Data extracts —
╔══
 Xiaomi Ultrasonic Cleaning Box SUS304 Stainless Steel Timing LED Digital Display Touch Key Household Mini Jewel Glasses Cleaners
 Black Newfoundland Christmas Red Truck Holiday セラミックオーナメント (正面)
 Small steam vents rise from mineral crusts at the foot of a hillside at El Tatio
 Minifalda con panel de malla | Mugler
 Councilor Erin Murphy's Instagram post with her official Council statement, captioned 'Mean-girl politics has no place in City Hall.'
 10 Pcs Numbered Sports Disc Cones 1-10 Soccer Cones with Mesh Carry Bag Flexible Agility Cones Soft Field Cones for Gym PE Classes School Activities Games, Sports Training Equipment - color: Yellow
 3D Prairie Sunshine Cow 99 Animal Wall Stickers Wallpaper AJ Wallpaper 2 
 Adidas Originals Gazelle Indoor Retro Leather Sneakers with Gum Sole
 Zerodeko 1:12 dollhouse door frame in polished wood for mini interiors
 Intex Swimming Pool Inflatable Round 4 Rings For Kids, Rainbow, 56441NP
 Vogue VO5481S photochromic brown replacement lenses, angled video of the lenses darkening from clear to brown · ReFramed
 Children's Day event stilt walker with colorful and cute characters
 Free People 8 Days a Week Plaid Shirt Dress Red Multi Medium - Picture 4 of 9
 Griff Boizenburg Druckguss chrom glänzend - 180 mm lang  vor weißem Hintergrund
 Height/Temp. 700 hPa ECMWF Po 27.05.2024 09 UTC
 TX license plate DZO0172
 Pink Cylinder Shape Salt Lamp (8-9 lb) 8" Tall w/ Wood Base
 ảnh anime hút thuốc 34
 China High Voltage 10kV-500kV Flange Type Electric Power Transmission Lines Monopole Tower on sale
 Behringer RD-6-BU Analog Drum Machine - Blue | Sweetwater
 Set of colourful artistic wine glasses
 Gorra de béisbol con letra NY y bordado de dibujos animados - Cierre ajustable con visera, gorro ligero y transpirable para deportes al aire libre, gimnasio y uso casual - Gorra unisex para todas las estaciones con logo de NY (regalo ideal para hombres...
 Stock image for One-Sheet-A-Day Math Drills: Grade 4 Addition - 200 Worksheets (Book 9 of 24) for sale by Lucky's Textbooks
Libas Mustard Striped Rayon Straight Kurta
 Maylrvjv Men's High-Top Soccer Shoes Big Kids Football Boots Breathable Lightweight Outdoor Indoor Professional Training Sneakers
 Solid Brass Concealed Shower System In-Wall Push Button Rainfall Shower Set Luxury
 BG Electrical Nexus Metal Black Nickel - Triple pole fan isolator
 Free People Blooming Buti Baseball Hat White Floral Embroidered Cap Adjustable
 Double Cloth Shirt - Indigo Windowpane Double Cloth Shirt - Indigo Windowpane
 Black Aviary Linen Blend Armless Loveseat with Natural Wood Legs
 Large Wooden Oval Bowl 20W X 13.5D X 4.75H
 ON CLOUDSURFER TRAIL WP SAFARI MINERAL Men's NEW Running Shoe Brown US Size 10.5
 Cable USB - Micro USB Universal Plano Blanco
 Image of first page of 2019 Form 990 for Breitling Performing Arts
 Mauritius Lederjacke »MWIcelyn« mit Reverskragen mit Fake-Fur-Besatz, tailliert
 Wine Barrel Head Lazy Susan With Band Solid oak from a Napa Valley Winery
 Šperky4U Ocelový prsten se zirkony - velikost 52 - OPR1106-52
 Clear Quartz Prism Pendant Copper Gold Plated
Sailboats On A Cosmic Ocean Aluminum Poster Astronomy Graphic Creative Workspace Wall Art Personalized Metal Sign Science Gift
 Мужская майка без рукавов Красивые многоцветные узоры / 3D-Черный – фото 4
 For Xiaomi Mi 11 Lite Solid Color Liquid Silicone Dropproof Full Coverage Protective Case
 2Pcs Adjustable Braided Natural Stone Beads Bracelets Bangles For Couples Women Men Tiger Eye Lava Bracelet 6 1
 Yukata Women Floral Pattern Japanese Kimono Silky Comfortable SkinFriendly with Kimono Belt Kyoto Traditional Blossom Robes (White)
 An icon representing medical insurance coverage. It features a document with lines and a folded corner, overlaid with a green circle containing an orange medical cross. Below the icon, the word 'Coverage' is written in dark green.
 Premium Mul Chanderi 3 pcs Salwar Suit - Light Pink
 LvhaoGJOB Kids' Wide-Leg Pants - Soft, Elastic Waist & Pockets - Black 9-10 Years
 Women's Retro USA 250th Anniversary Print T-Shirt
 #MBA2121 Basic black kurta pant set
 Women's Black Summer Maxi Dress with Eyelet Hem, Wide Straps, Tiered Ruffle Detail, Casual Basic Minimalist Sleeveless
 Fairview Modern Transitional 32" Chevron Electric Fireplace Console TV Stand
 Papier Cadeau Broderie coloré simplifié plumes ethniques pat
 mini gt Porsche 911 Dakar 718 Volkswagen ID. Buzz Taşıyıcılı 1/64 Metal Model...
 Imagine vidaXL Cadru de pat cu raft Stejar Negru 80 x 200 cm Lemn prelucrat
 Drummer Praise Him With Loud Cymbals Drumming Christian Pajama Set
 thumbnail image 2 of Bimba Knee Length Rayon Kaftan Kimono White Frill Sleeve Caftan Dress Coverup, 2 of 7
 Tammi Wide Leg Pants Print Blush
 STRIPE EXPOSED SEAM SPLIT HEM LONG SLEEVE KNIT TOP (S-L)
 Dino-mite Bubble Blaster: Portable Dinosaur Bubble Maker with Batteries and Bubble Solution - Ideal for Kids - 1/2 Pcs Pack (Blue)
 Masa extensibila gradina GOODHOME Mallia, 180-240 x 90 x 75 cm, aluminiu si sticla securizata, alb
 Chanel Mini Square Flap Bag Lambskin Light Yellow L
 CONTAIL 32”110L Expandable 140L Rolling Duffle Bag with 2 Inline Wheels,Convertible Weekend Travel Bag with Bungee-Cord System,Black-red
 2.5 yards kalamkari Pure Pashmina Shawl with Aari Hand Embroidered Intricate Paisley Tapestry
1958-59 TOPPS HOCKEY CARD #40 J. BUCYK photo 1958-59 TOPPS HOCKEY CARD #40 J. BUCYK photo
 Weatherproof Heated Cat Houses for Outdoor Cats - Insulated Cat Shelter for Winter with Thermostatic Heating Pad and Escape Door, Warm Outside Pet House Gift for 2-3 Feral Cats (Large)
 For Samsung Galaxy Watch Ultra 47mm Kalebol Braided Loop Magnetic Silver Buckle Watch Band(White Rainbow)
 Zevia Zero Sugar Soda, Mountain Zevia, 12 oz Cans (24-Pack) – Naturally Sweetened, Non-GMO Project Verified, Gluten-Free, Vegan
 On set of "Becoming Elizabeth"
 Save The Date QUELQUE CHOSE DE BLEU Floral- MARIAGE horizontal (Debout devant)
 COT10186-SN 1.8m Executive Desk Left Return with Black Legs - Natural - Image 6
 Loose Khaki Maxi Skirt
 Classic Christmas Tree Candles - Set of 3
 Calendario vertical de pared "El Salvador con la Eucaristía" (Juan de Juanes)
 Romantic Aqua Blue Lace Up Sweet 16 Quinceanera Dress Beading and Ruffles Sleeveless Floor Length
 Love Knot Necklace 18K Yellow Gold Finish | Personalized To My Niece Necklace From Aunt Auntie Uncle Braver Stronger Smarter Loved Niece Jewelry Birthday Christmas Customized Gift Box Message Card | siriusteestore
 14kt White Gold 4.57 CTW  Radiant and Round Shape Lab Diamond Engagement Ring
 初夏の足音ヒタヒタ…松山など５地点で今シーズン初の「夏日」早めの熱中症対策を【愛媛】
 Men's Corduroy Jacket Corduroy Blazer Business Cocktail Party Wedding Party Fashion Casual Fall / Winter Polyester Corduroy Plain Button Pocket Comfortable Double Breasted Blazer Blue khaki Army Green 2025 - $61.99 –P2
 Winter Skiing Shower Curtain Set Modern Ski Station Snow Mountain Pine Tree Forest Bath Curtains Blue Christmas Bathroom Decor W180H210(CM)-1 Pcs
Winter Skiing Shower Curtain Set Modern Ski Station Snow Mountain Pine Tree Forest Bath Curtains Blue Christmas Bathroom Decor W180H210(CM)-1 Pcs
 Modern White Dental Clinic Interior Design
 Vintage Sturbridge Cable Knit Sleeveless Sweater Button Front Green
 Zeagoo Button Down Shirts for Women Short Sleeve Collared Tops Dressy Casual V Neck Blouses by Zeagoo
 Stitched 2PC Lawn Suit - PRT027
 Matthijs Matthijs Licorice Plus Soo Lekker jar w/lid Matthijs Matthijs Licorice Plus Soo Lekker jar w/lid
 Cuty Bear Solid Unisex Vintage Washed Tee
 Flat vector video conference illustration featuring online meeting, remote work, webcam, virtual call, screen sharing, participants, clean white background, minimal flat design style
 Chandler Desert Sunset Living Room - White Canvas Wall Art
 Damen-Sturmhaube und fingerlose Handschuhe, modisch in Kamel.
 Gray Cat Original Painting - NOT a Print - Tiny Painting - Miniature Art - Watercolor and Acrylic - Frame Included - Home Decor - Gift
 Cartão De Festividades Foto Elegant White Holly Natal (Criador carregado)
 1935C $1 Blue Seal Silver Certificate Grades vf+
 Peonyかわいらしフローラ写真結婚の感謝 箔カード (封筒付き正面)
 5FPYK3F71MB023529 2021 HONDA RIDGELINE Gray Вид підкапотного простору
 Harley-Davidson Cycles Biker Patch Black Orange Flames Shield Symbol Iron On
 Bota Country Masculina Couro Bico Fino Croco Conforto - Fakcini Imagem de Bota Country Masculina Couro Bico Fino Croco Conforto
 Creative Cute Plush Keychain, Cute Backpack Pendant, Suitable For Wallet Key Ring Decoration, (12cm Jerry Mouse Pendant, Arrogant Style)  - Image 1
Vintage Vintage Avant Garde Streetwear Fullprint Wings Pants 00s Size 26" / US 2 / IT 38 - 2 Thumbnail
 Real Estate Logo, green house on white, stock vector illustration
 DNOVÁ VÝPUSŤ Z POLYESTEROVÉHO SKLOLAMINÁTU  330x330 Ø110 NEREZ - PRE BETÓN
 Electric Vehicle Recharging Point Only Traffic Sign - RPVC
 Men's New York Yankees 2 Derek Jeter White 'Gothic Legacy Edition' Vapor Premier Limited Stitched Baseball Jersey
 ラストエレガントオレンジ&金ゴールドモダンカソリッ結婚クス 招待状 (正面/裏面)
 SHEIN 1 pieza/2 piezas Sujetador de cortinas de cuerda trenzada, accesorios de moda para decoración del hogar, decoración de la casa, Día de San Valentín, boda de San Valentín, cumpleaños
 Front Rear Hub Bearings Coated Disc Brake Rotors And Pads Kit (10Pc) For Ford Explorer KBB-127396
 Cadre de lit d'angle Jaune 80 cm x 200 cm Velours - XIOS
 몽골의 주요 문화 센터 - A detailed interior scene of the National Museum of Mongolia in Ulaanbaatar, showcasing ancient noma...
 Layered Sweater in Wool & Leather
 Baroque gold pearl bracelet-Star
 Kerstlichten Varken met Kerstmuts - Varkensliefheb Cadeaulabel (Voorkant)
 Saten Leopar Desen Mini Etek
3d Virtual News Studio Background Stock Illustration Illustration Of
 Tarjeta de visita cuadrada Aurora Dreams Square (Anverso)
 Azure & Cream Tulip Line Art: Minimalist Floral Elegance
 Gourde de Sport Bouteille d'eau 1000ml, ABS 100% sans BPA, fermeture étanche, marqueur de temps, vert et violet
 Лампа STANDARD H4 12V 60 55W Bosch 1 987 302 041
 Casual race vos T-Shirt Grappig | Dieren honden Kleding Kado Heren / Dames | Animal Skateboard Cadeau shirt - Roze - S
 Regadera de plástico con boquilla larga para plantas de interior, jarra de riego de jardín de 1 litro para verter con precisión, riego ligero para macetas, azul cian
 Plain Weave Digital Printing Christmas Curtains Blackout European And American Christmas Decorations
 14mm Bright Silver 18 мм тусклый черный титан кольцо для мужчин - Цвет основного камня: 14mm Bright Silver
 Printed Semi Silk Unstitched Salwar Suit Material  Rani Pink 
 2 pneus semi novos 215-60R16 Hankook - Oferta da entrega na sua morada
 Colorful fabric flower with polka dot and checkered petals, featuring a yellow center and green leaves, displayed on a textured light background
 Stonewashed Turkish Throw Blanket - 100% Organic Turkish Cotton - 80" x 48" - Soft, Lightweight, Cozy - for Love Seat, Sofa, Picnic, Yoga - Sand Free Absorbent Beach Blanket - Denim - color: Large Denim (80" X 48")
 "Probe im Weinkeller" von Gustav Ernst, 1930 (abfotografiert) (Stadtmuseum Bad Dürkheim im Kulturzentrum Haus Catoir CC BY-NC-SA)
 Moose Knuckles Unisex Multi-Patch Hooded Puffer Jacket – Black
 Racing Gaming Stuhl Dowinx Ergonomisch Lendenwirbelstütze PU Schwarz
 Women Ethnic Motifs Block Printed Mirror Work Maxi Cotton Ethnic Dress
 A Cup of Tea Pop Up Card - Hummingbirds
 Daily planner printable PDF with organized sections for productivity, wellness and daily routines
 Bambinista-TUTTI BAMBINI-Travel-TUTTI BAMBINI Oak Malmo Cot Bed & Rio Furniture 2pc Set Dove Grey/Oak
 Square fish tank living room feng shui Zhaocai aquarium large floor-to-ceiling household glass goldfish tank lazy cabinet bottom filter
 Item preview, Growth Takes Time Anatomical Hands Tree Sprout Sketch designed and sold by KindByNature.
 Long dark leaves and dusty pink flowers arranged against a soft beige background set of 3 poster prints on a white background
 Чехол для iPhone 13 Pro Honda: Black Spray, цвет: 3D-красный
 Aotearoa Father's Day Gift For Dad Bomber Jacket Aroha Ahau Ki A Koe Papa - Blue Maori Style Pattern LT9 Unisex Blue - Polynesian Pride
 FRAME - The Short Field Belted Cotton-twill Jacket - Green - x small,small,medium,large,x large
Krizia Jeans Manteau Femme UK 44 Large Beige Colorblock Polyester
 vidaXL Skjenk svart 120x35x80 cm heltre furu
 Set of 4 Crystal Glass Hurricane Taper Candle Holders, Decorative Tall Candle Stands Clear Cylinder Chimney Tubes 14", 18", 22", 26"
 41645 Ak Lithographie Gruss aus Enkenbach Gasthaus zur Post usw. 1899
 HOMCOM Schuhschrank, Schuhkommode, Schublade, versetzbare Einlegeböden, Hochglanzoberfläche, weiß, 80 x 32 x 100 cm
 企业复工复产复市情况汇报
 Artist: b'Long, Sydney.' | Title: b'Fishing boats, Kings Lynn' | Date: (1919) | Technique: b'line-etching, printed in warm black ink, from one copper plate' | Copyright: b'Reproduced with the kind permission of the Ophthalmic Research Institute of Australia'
╚══
What is needed — Restate word for word the lines in the material above from the one with "Fairview Modern Transitional" to the one with "Loose Khaki Maxi Skirt"; both of those lines count, and nothing else does.

Task response —
 Fairview Modern Transitional 32" Chevron Electric Fireplace Console TV Stand
 Papier Cadeau Broderie coloré simplifié plumes ethniques pat
 mini gt Porsche 911 Dakar 718 Volkswagen ID. Buzz Taşıyıcılı 1/64 Metal Model...
 Imagine vidaXL Cadru de pat cu raft Stejar Negru 80 x 200 cm Lemn prelucrat
 Drummer Praise Him With Loud Cymbals Drumming Christian Pajama Set
 thumbnail image 2 of Bimba Knee Length Rayon Kaftan Kimono White Frill Sleeve Caftan Dress Coverup, 2 of 7
 Tammi Wide Leg Pants Print Blush
 STRIPE EXPOSED SEAM SPLIT HEM LONG SLEEVE KNIT TOP (S-L)
 Dino-mite Bubble Blaster: Portable Dinosaur Bubble Maker with Batteries and Bubble Solution - Ideal for Kids - 1/2 Pcs Pack (Blue)
 Masa extensibila gradina GOODHOME Mallia, 180-240 x 90 x 75 cm, aluminiu si sticla securizata, alb
 Chanel Mini Square Flap Bag Lambskin Light Yellow L
 CONTAIL 32”110L Expandable 140L Rolling Duffle Bag with 2 Inline Wheels,Convertible Weekend Travel Bag with Bungee-Cord System,Black-red
 2.5 yards kalamkari Pure Pashmina Shawl with Aari Hand Embroidered Intricate Paisley Tapestry
1958-59 TOPPS HOCKEY CARD #40 J. BUCYK photo 1958-59 TOPPS HOCKEY CARD #40 J. BUCYK photo
 Weatherproof Heated Cat Houses for Outdoor Cats - Insulated Cat Shelter for Winter with Thermostatic Heating Pad and Escape Door, Warm Outside Pet House Gift for 2-3 Feral Cats (Large)
 For Samsung Galaxy Watch Ultra 47mm Kalebol Braided Loop Magnetic Silver Buckle Watch Band(White Rainbow)
 Zevia Zero Sugar Soda, Mountain Zevia, 12 oz Cans (24-Pack) – Naturally Sweetened, Non-GMO Project Verified, Gluten-Free, Vegan
 On set of "Becoming Elizabeth"
 Save The Date QUELQUE CHOSE DE BLEU Floral- MARIAGE horizontal (Debout devant)
 COT10186-SN 1.8m Executive Desk Left Return with Black Legs - Natural - Image 6
 Loose Khaki Maxi Skirt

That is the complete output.